Asked by a pool reporter at the start of a meeting with U.S. Secretary of State John Kerry in Davos if he thought there was an Iranian link to their disappearance, Abadi said:
“I don’t know about that. I doubt it very much. We don’t know if they have been kidnapped … They just went missing.”
Iraqi intelligence and U.S. government sources said on Tuesday the three U.S. citizens were kidnapped and were being held by an Iranian-backed Shi’ite militia.
Unknown gunmen seized the three on Friday from a private residence in the southeastern Dora district of Baghdad, Iraqi officials say. They are the first Americans to be abducted in Iraq since the withdrawal of U.S. troops in 2011.
The U.S. sources said Washington had no reason to believe Tehran was involved in the kidnapping and did not believe the trio were being held in Iran, which borders Iraq.

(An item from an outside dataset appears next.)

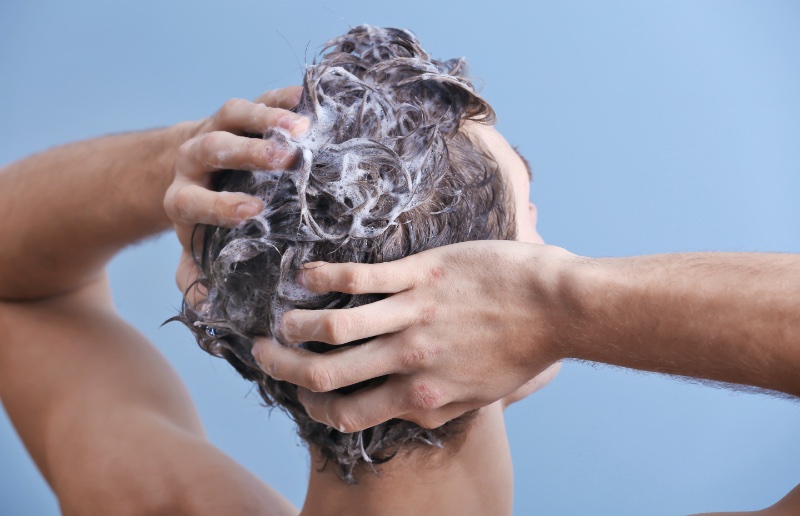 Man Washing Hair Blue Background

Some analysts believe the kidnappings were meant to embarrass and weaken Abadi, who is trying to balance Iraq’s relations with rival powers Iran and the United States.
“The militias are resentful of the success of the army in Ramadi which was achieved with the support of the U.S.-led coalition and without their involvement,” Baghdad-based analyst Hisham al-Hashemi, who advises the government, said .
Shi’ite militias were kept out of the battle against Islamic State in Ramadi for fear of aggravating sectarian tensions among the Sunni population in the western city.
Baghdad touted the military’s advance there last month, with backing from coalition airstrikes, as evidence of a resurgent army after it collapsed in 2014.
Hostility between Tehran and Washington has eased with the lifting of crippling economic sanctions against Iran in return for compliance with a deal to curb its nuclear ambitions and a prisoner swap.
The three men are employed by a small company that is doing work for General Dynamics Corp GD.N, under a larger contract with the U.S. Army, according to a source familiar with the matter.
Kerry did not comment on the missing men.
On Sunday, the U.S. State Department said it was working with Iraqi authorities to locate the three, without confirming they had been kidnapped. On Tuesday, U.S. State Department spokesman John Kirby said “the picture is becoming a little bit more clear in terms of what might have happened,” but provided no details.